Exercise details => Your job is to print, exactly, the lines in the data below from the line with "Victor A. Rigaumont" through the line with "Peach bangles", both included, and to omit any picture.
=== Material provided ===
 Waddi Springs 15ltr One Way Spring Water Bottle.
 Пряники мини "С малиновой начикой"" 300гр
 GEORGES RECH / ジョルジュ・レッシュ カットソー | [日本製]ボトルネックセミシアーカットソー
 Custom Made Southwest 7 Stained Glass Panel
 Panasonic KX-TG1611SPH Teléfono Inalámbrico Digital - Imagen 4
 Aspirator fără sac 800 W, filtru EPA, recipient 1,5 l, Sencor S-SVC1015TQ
===
=== Material provided ===
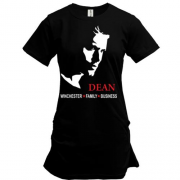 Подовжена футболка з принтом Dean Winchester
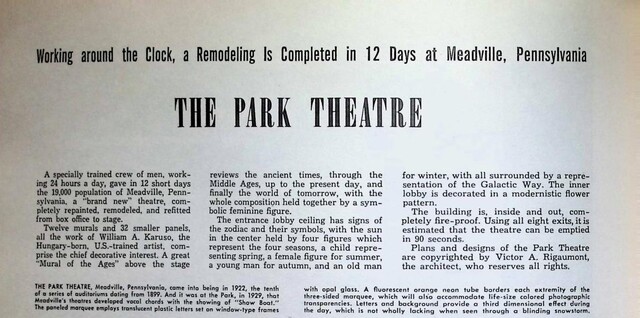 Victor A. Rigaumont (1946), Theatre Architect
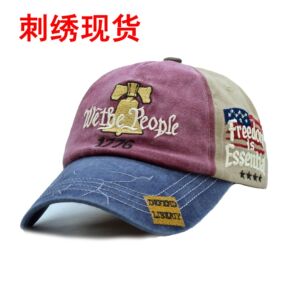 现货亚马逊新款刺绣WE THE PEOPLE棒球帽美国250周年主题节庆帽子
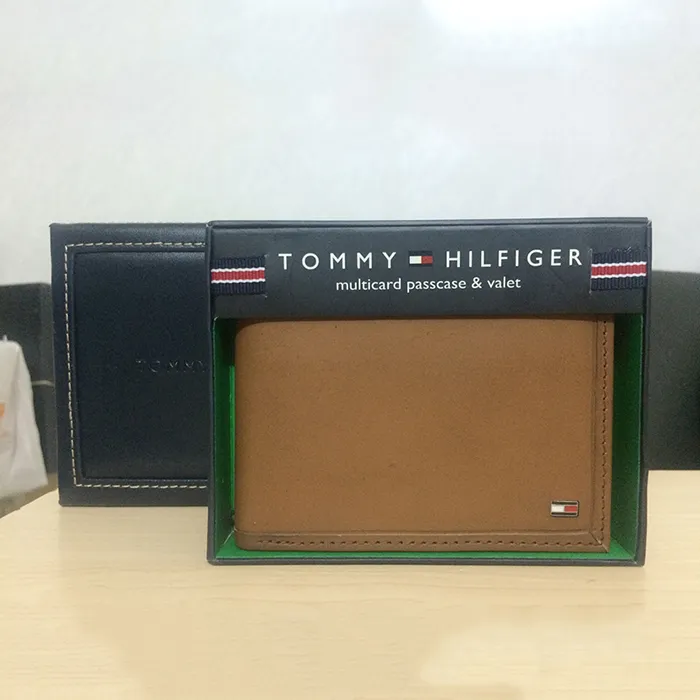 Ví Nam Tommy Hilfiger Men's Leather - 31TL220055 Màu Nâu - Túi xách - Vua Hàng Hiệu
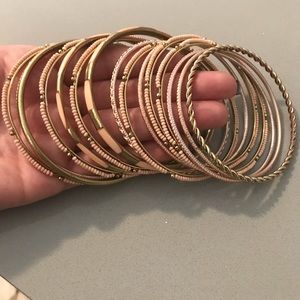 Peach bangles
===
=== Material provided ===
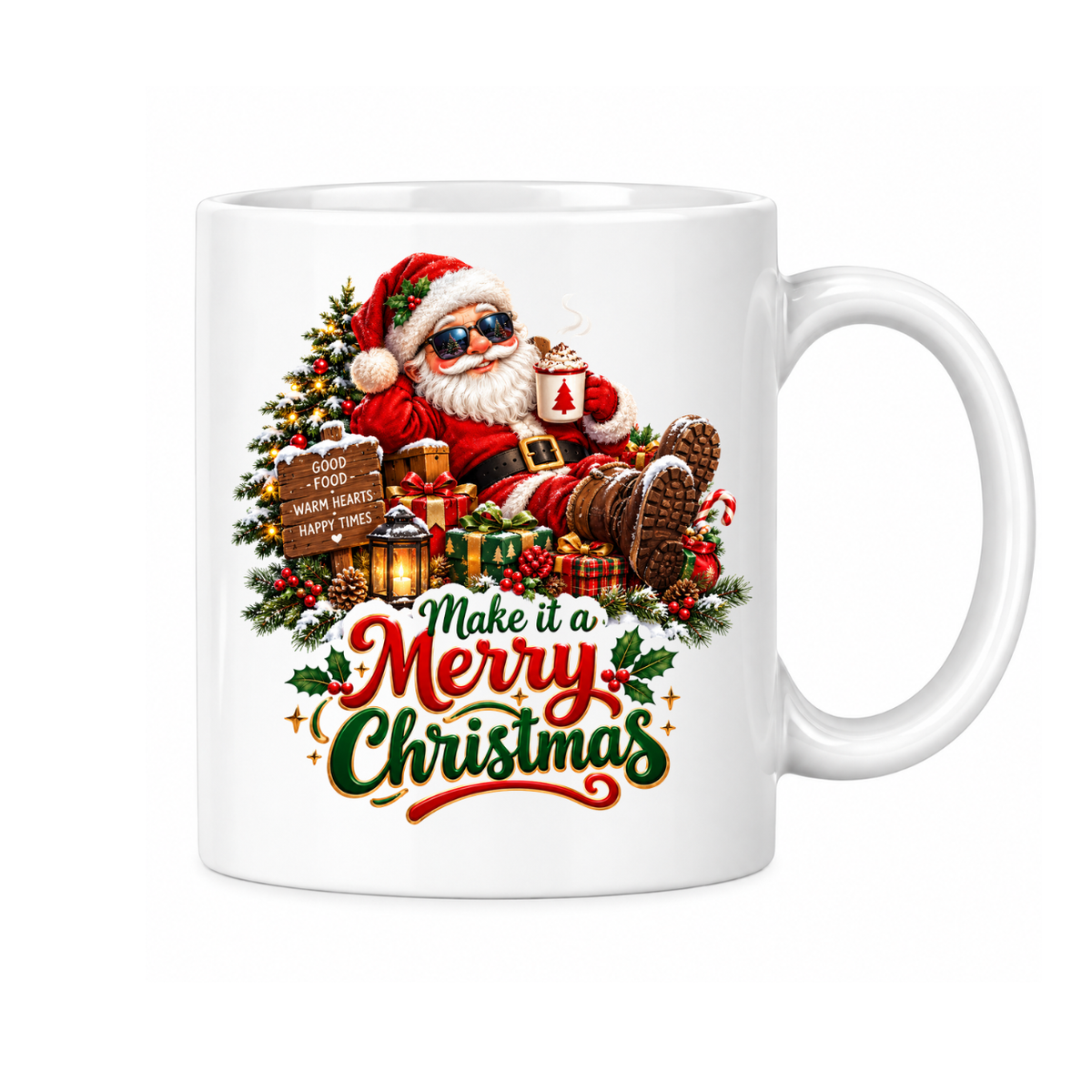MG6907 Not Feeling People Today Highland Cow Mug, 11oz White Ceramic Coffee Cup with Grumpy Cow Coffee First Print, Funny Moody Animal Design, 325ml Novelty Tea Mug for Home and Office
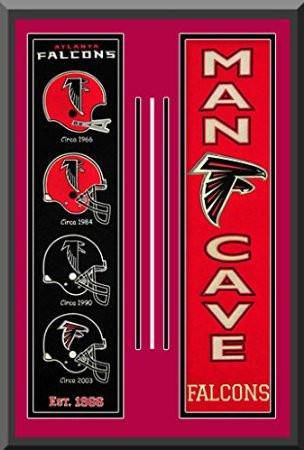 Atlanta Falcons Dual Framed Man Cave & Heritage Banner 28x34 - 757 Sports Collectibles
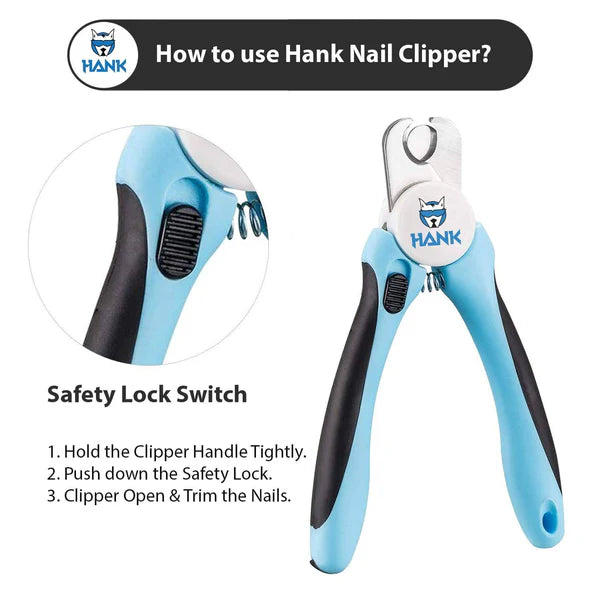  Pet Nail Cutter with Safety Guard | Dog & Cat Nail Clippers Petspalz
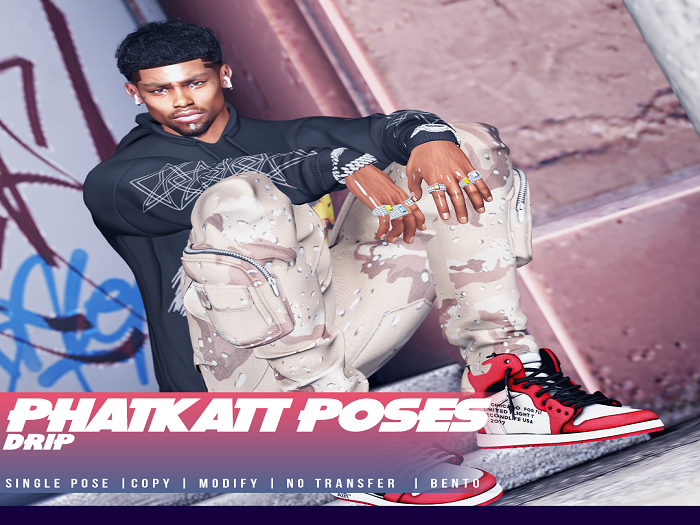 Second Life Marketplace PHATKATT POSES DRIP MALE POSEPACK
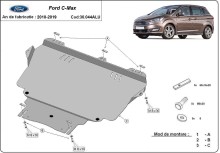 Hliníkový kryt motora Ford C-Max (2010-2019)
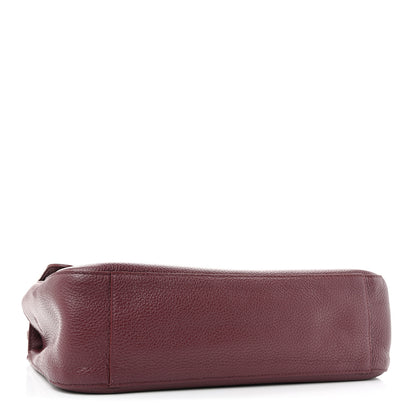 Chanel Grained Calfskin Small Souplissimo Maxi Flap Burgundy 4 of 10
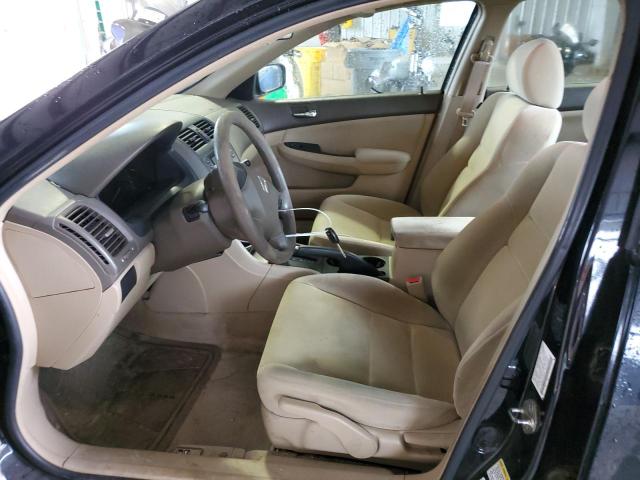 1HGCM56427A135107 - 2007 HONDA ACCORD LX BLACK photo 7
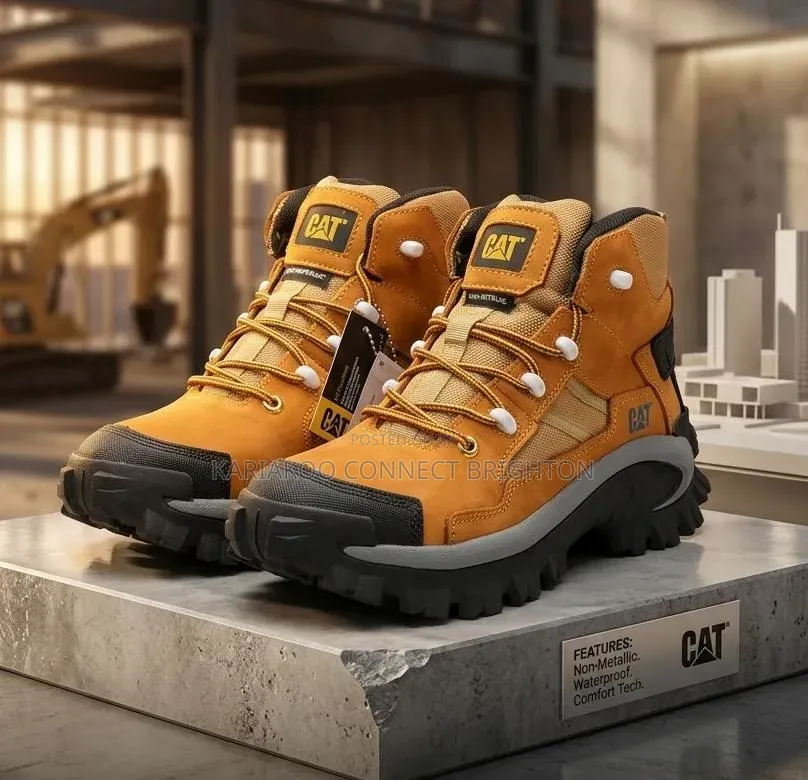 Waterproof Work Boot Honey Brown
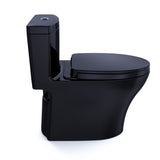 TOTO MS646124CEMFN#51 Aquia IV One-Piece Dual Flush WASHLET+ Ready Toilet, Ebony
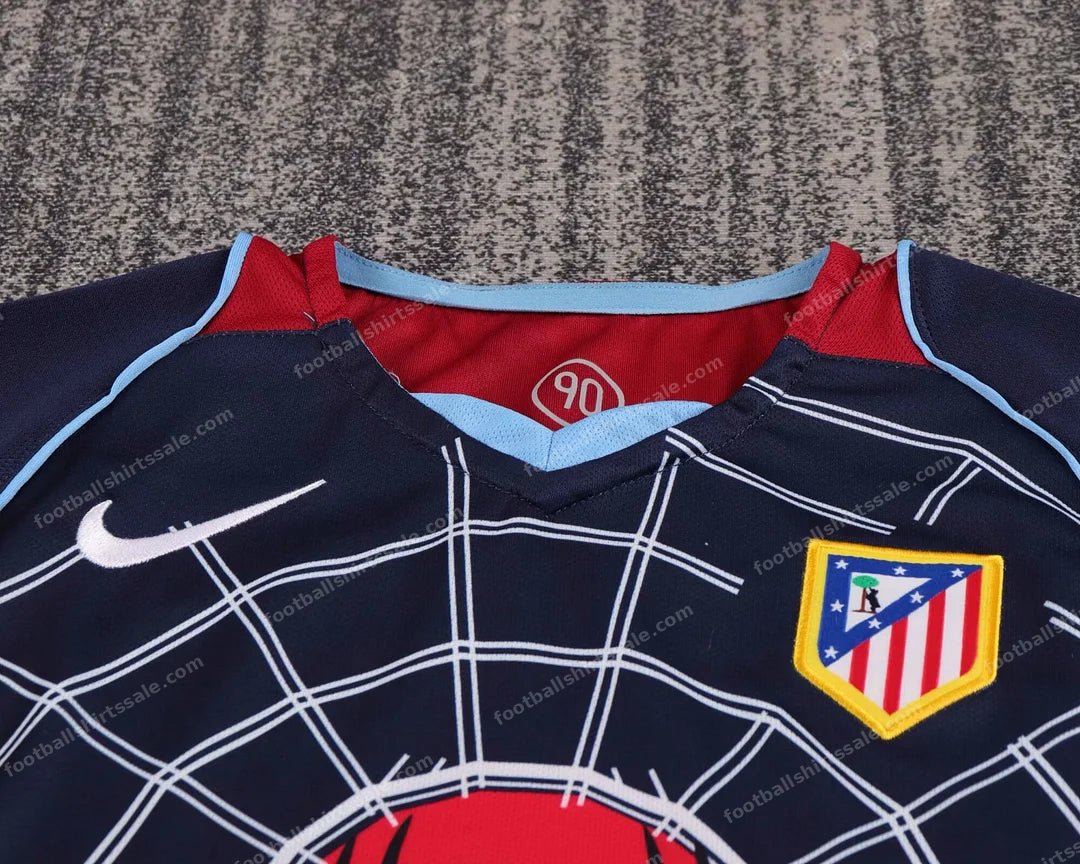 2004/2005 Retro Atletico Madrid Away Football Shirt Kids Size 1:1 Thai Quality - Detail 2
===
Final answer =>
 Victor A. Rigaumont (1946), Theatre Architect
 现货亚马逊新款刺绣WE THE PEOPLE棒球帽美国250周年主题节庆帽子
 Ví Nam Tommy Hilfiger Men's Leather - 31TL220055 Màu Nâu - Túi xách - Vua Hàng Hiệu
 Peach bangles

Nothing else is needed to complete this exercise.